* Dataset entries
***

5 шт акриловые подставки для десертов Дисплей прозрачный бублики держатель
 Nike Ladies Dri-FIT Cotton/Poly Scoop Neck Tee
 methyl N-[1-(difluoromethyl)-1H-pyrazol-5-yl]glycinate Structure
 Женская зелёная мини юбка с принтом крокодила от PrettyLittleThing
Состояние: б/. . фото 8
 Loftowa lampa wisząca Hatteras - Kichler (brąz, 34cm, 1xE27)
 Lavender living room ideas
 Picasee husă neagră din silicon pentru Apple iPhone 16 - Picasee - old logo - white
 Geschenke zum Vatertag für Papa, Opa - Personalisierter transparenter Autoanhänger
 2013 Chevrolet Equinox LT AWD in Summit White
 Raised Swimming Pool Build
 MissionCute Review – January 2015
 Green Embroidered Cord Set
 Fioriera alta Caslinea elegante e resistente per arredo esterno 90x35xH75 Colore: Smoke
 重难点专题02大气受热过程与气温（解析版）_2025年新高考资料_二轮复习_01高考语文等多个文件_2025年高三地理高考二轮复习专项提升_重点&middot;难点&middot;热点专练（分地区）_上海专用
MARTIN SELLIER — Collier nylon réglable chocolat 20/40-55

***

* Problem requirements
Where the line containing "重难点专题02大气受热过程与" appears in the data above, begin there and reproduce every line to the end exactly; include nothing else.

* Solution for this task
 重难点专题02大气受热过程与气温（解析版）_2025年新高考资料_二轮复习_01高考语文等多个文件_2025年高三地理高考二轮复习专项提升_重点&middot;难点&middot;热点专练（分地区）_上海专用
MARTIN SELLIER — Collier nylon réglable chocolat 20/40-55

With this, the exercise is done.